Alongside abortion, sodomy is the main scourge on our nation. Whereas half the country at least nominally opposes abortion, the vast majority believe in tolerating homosexuality, gay civil unions, gay marriage, and gay adoption.
Therefore, WBC is absolutely right God is/will scourge this nation for sodomy. I suppose they focus on that since that is the grave error that America as a whole has accepted. Therefore, the fact that WBC, this tiny little family church in middle America, is calling this and other of the gravest evils out publicly in protest, makes them praiseworthy, despite their excesses.
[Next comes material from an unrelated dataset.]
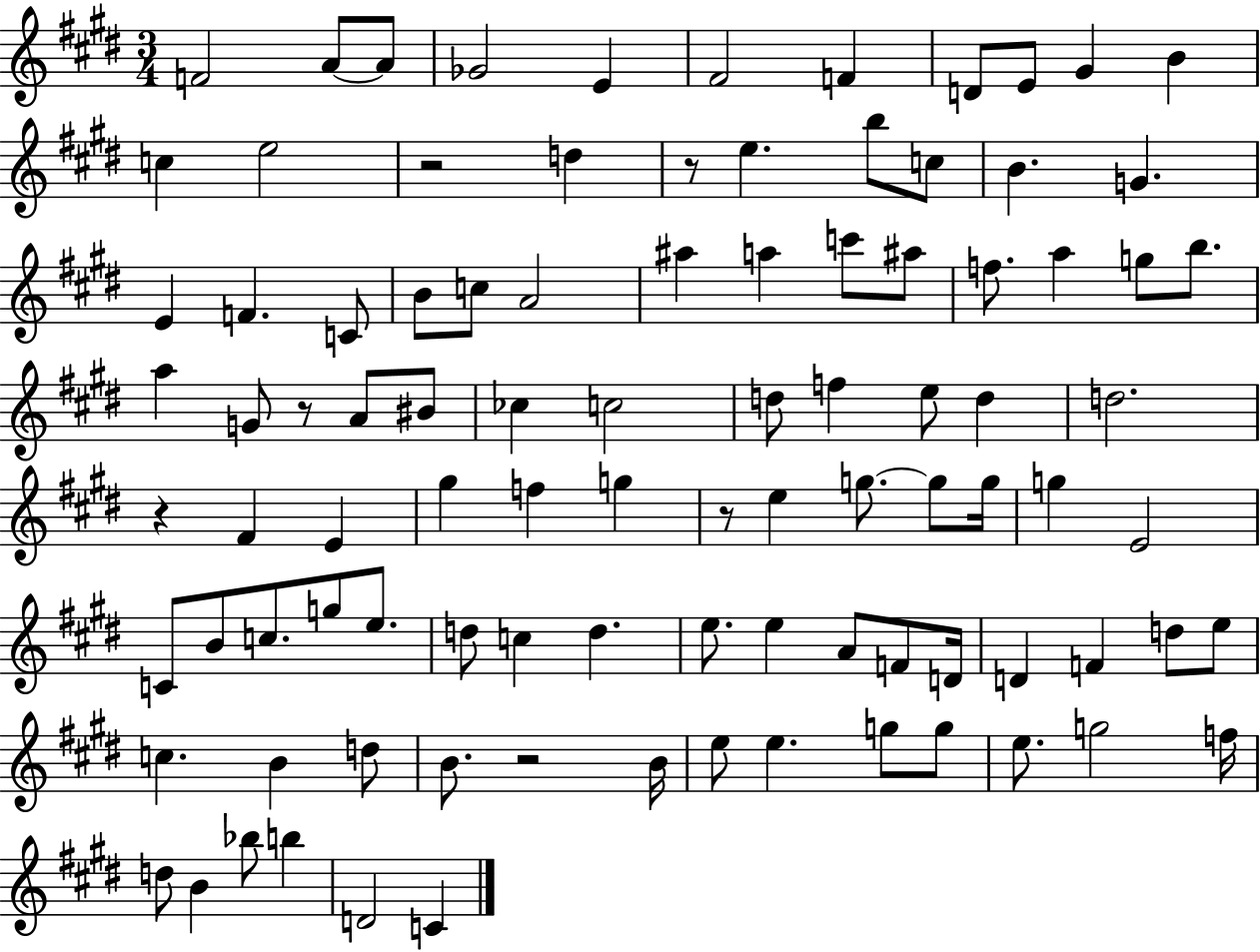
F4/h A4/e A4/e Gb4/h E4/q F#4/h F4/q D4/e E4/e G#4/q B4/q C5/q E5/h R/h D5/q R/e E5/q. B5/e C5/e B4/q. G4/q. E4/q F4/q. C4/e B4/e C5/e A4/h A#5/q A5/q C6/e A#5/e F5/e. A5/q G5/e B5/e. A5/q G4/e R/e A4/e BIS4/e CES5/q C5/h D5/e F5/q E5/e D5/q D5/h. R/q F#4/q E4/q G#5/q F5/q G5/q R/e E5/q G5/e. G5/e G5/s G5/q E4/h C4/e B4/e C5/e. G5/e E5/e. D5/e C5/q D5/q. E5/e. E5/q A4/e F4/e D4/s D4/q F4/q D5/e E5/e C5/q. B4/q D5/e B4/e. R/h B4/s E5/e E5/q. G5/e G5/e E5/e. G5/h F5/s D5/e B4/q Bb5/e B5/q D4/h C4/q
One excess, in my opinion, is protesting military funerals. Objectively I think it is okay under some circumstances to protest at a military funeral. If I were alive during the celebrated funeral of Stalin, for example, I’d have no problem with protests, protesting Soviet Communism. Or perhaps at the funeral of any Soviet soldier, to protest the unjust government.
Therefore, while I question the prudence of this, SBC has the right motive. The reason is I also believe that most wars and military operations the US military engages in are gravely against biblical principles of just war, and that the US military industrial complex empire across the world is evil totalitarianism. When your nation and military spirals down to that dark level, protesting a military funeral is understandable and proportionate to the evil they are protesting, which besides gay soldiers, and the military allowing gays, is their message. I doubt they are maliciously targeting the family, but finding a method to call attention to the evil when few other methods are effective.
We live in the era of tolerance of grave evil including by the current Catholic hierarchy and most Protestant clergy. This is the era of PC culture and wokism enforcing liberalism and atheistic secularism. So despite their imperfections, I defend WBC in its public testimony to divinely revealed truth.